大塚英志(おおつか・えいじ)・大澤信亮(おおさわ・のぶあき)『「ジャパニメーション」はなぜ敗れるか』(角川oneテーマ21)は、新書とは思えないしっかりした論評だった。やられた、また、捨てられない本が増えちゃった、と思った。
単なる「薀蓄」ではなくイデオロギー的視点を有した評論を著し続けている点で、わたしは大塚英志を高く評価している。彼の言うとおり、まんが批評において歴史や史観はなかなか示されない。
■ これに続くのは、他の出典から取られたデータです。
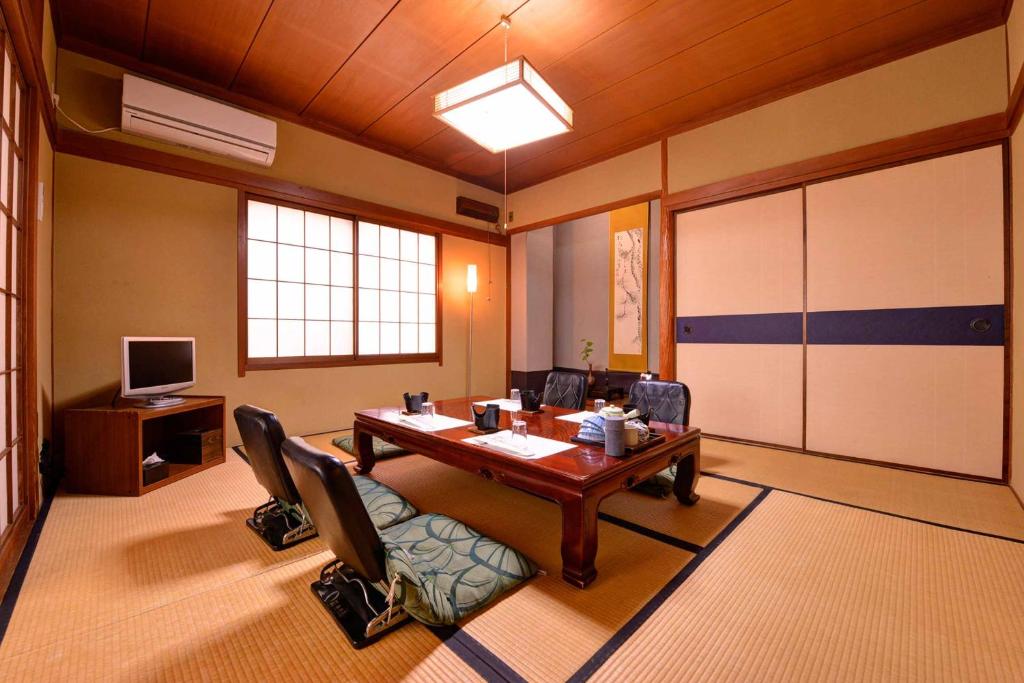 Bingoya Ryokan photo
わたしはまんがの好みであるとかフィーリングに関しては夏目房之介にものすごく近いものを感じる、夏目氏の表現論も評価しているけれど、問題意識という点では大塚氏に軍配が上がると思う。
この本には、共感した部分もたくさんある。ホントホント、国税から賞金が出る賞なんかつくるお金があるなら、基礎研究への支援やアーカイブに使ってよ。
わたしなぞが思いもよらなかったことも、たくさん書いてあった。
『千と千尋の神隠し』がベルリン映画祭でグランプリを獲り、第75回アカデミー賞の長編アニメーション映画部門を受賞した際、日本のアニメは世界に通用した、と思ってしまったクチだった。しかし、じっさいにはアメリカにおける興行収入は一千万ドルで公開された映画関数は714館という、ハリウッド基準から言えばあたりとはいえない数字だったということも、この本で初めて知った。
他のアカデミー賞ノミネート作品と比べた表があって、(2003年3月22日時点のデータ)
「千と千尋」公開館数151、全米興収600万ドル、制作費20億円
「アイスエイジ」公開館数3345、全米興収17600万ドル、制作費5900万ドル
「トレジャー・プラネット」公開館数3227、全米興収3800万ドル、制作費14000万ドル
「リロ&スティッチ」公開館数3222、14600万ドル、制作費8000万ドル
「スピリット」公開館数3362、全米興収7300万ドル、制作費8000万ドル
公開館数なんぞ桁が間違っているのではないかと思いたくなるし、興行収入などでは、いいのと比べると二桁違うわけだ。
ハリウッドは、世界規模で流通を押さえているために、強いのである。アメリカ国内での映画配給は、ハリウッドが牛耳っている。アジアの流通ルートもアメリカの会社が握っていて、日本のアニメをアジアに売るときにはそこを通さねばならないし、「国策」は「対米関係」という問題があってそこに切り込もうとはしない、という現実を、わたしたちは知らねばならないと思う。
結局、自由化という名目で構造を「改革」して、それが結果的に一部の資本家とアメリカの有利になる、というのが日本の「構造改革」のパターンです。(p.277)という部分で、牛肉のことを思い出し、なるほどなるほど、と思ったのだった。